TASK INPUT section start

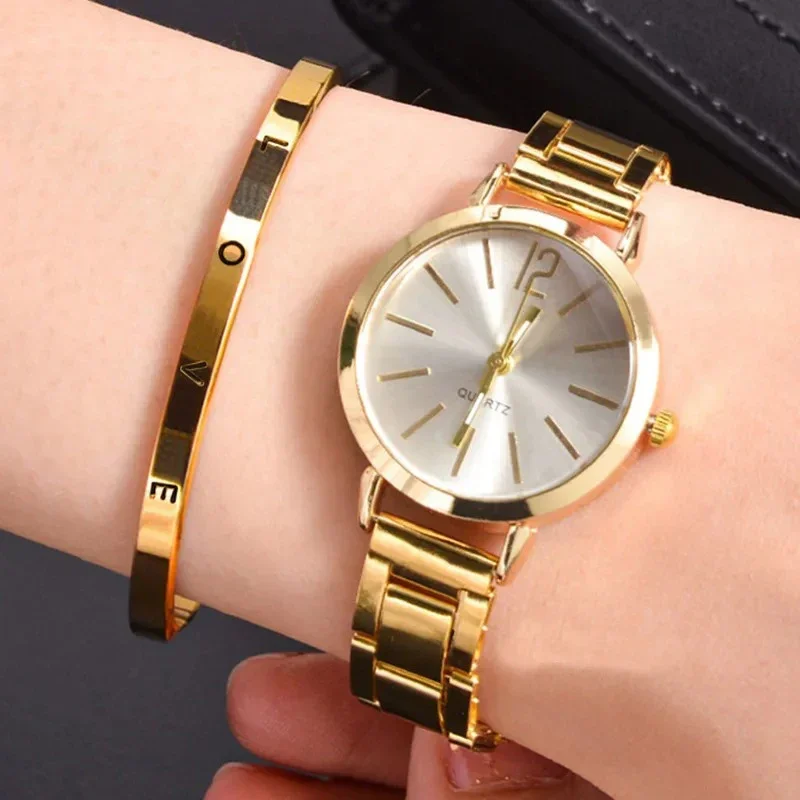 Womens Fashion Simple Digital Alloy Quartz Watch Bracelet 2 Piece Set Luxury Women Simple Dial Ladies Watch Reloj Mujer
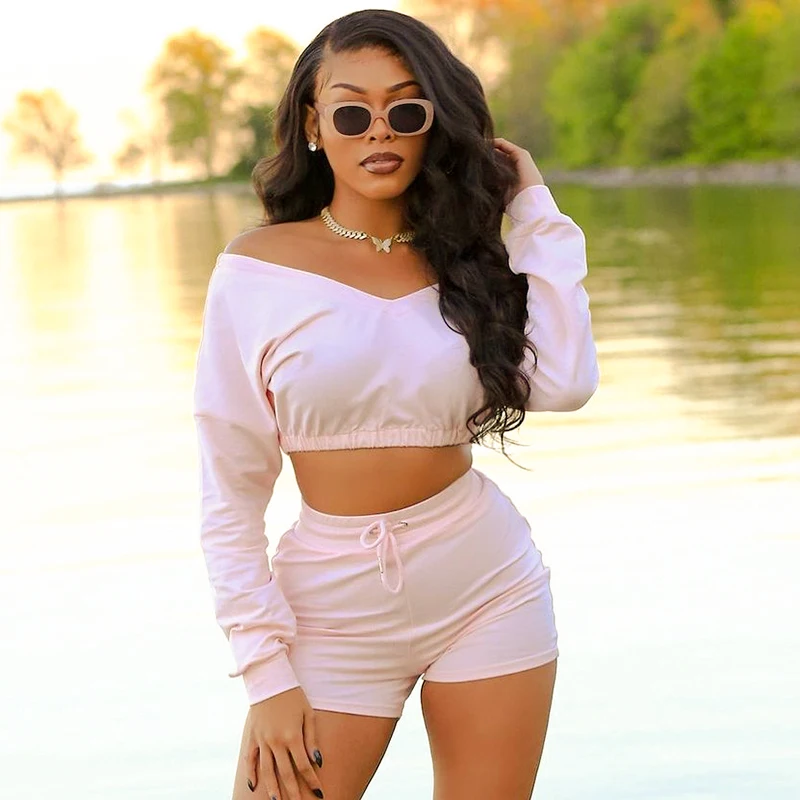 

Bomblook K21ST505 2021 Fall Sporty Outfit Long Sleeve Crop Top Drawstring Hot Short Solid Color Two Piece Set Women Casual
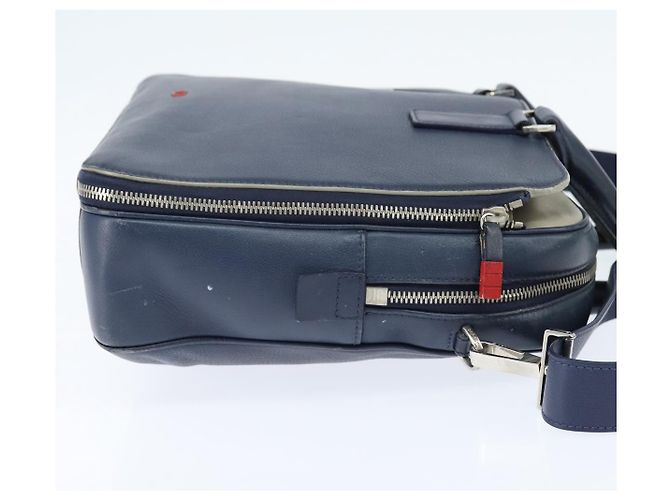 Borsa da lavoro in pelle Christian Dior 2 modi Blu Navy Argento Auth ar13763 - vista 4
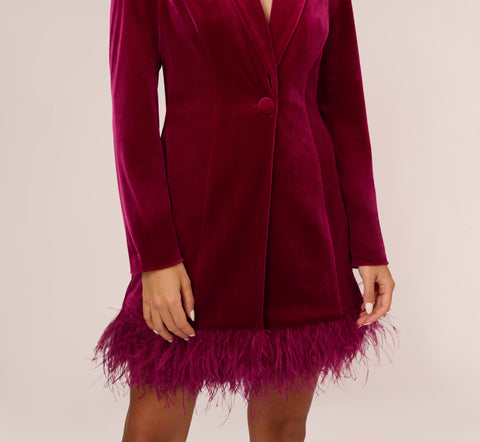 Long Sleeve Velvet Tuxedo Dress With Feather Hem In Magenta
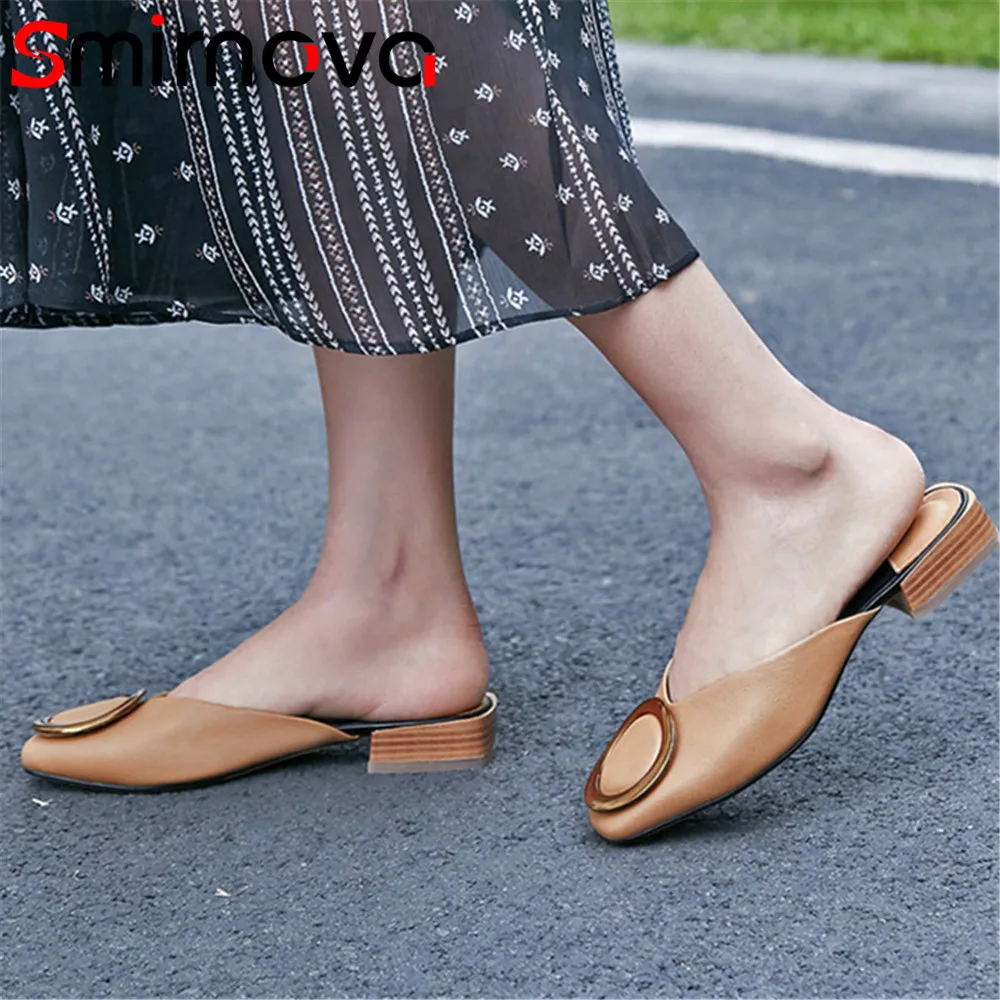 

Smirnova fashion square toe shallow shoes woman casual mules shoes square heel sndals women genuine leather low heels shoes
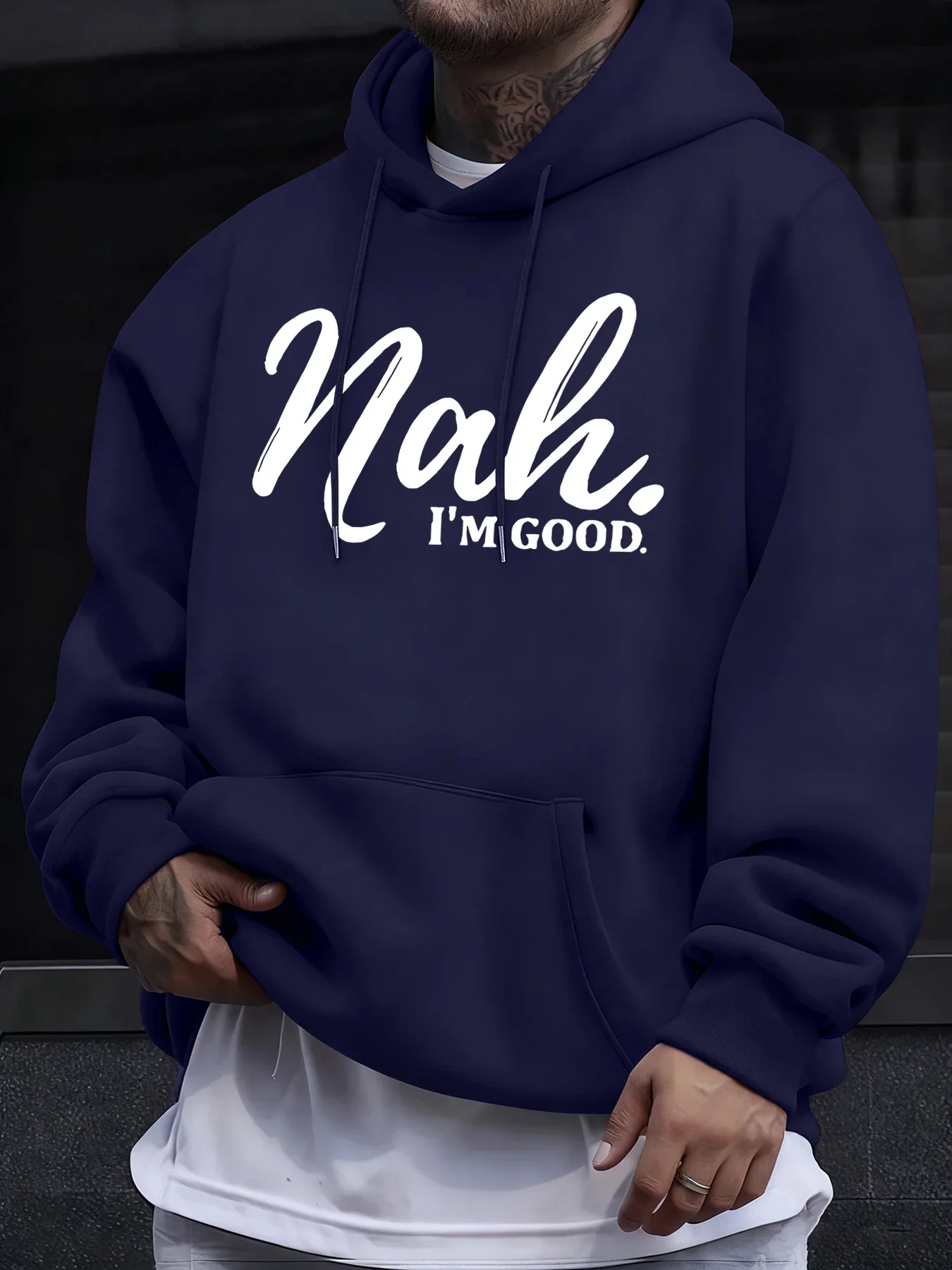 Nah I'M Good - Sweat-shirt à capuche décontracté pour homme, imprimé, en molleton doux et confortable, style Hip Hop classique
Nah I'M Good - Sweat-shirt à capuche décontracté pour homme, imprimé, en molleton doux et confortable, style Hip Hop classique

TASK INPUT section end

Given the entries above, transcribe exactly the lines from the one holding "Bomblook K21ST505 2021" through the one holding "Long Sleeve Velvet"; pictures do not belong in the transcription.

Bomblook K21ST505 2021 Fall Sporty Outfit Long Sleeve Crop Top Drawstring Hot Short Solid Color Two Piece Set Women Casual
 Borsa da lavoro in pelle Christian Dior 2 modi Blu Navy Argento Auth ar13763 - vista 4
 Long Sleeve Velvet Tuxedo Dress With Feather Hem In Magenta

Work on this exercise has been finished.